Sosyal Adanışımız: Vakıflar

İnsan, Allah Teâlâ tarafından farklı kabiliyetlerle donatılarak yaratılmıştır. İnsanın yapısına işlenen bu kabiliyetler ‘halife’ olabilme ile ‘fitne çıkarma ve kan dökme’ olarak özetlenmiştir. İnsan, her iki kabiliyete de sahip varlık; ya insanlığın ve imanın gereği halife gibi davranacak ya da isyanın ve itaatsizliğin gereği kan dökecek, fesat çıkaracak.
Şimdiye kadar gelmiş ve kıyamete kadar da var olacak İslam Ümmeti, imtihanın bu safhasında halife vasfını kabul etmiştir. Tabi ki imanın bir yansıması olarak. Halifelik vasfını kabul eden Müslümanlar bu vasfın gerekliliklerini de olduğu gibi hayatlarına aktarmaya çalışmışlardır. Halifelik vasfının sosyal hayata yansıyan en önemli kurumu ‘vakıflar’ olmuştur. Peki, vakıf ne demektir? Vakıf;
– İslam Ümmeti’nin bir yandan kardeşlik diğer yandan insanlık anlayışının hayata yansıdığı kurumdur.
– ‘Toplumsal düzeyde ne yapabilirim?’ düşüncesinin Müslümanca dillendirilmesidir.
– ‘Her şeyi devletten beklememek gerekir’ felsefesinin tanımıdır.
– İslam düşünme ve yönetim sisteminin medeniyet algısıdır.
– İnsanların zihnine sokulmak istenen fitnelerin bertaraf edildiği eğitim kurumudur.
– İhtiyaç sahiplerine kol kanat geren İslam’ın izzet elidir.

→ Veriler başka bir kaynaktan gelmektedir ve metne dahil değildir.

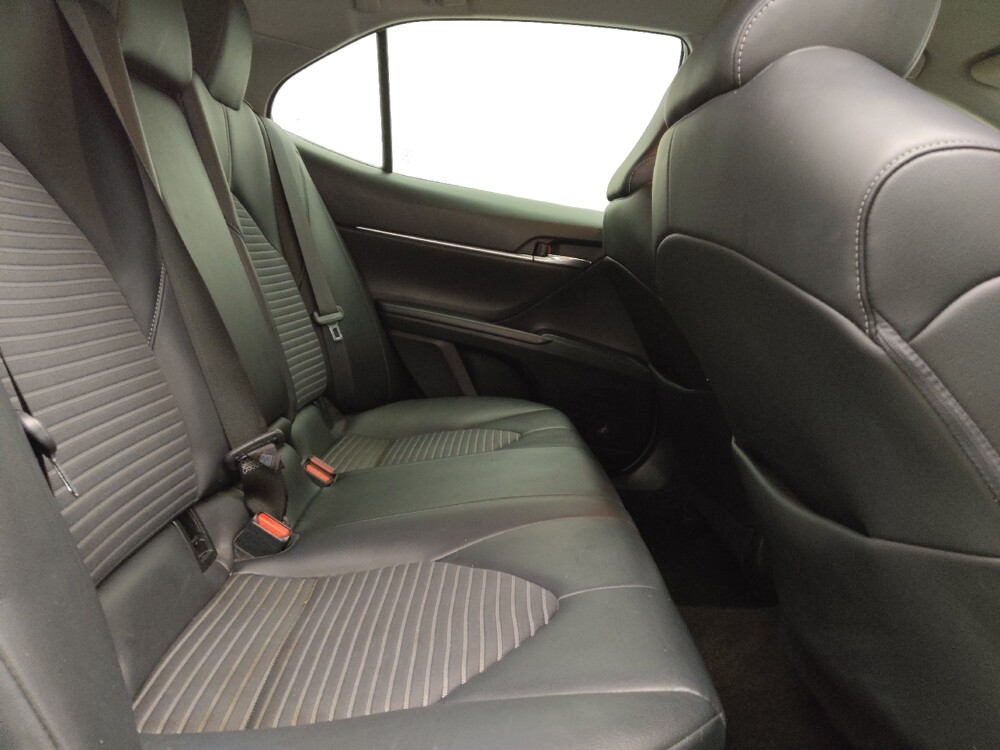 2022 Toyota Camry in Lakewood, CO 80215 - 18091751 19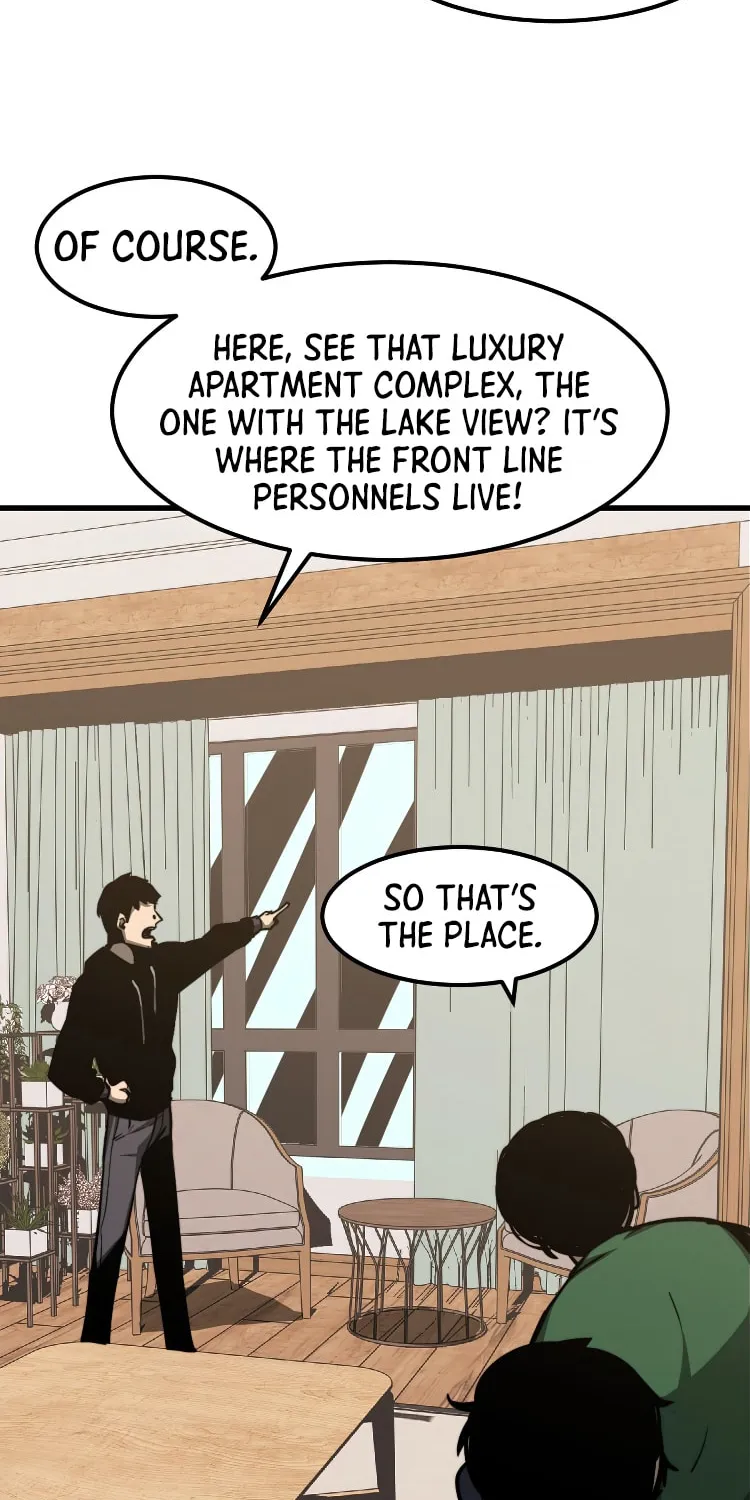 Read Extraordinary Evolution chapter 35 image 30 on Lezhin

Vakıf kelimesi sözlükte; durulan yer veya ayakta duran anlamlarında kullanılan Arapça bir kelimedir. İslam literatüründe ise vakıf kavramı “Mülk edinilmesi caiz olan herhangi bir malı, alışverişten men ederek -varsa gelirini de- Allah rızası için hayır yolunda tasadduk etmek” olarak açıklanmıştır. Bu ifadeyle vakfedilen şey her neyse ancak hayır yolunda kullanılır ve mülkiyeti insanlara ait olmaksızın hayır talep edenlerin malı olur.
Vakıf, adanmadır. İnsanın kendisini Allah’a, ümmete, ilme adamasıdır. Farklı bir yönüyle de fedakârlık, diğerkâmlık, isargibi halifeye yakışan davranışların imanlı gönüllerde yer bulmasıdır. Bu düsturu benimseyenler neleri varsa onu adamış, yani vakfetmişlerdir. Malı olan malını, ilmi olan ilmini, zamanı olan zamanını, aklı olan aklını, evladı olan evladını Allah yoluna adamıştır. Böylece İslam’ın tükenmeyen kaynağı imanlı ve dertli gönüllerde kendiliğinden ortaya çıkmıştır.
Vakıf, toplumda yaşanan sıkıntılara çare olduğu gibi toplumu oluşturan bireylere de “Dert’imizin ne olması gerektiğini öğreten” mekânlardır. Küresel sömürü sisteminin insanımızın gündemine taşıdığı geçim derdinin ya da lüks yaşama derdinin ‘dert’ olmadığının anlatıldığı yerlerdir. Asıl derdimizin “İman ve sorumlulukları, Ahlakın hayata aktarılması, Birlikte hareket edebilme mekanizmasının kazanılması…” olduğu vurgulanır. (Bir bakalım kendimize. Derdimiz ne?)
Vakfın ömrü dünyanın eceliyle sınırlıdır. Zaten dünya hayatı bittiğinde vakıf da vakfedilen de kalmayacaktır. Araziler, binalar ve ilim kendi kendini devam ettiremeyecek olduğuna göre bunların devamını ‘Vakıf İnsanlar’ sağlayacaktır. Vakıf İnsanlar, sorumluklularını yerine getirmeye devam ettikçe Rabbimizin lütfuna mazhar olacaklardır. Sorumlulukların yerine getirilmediği yerlerde ise hesabı herkes üzerine alsın.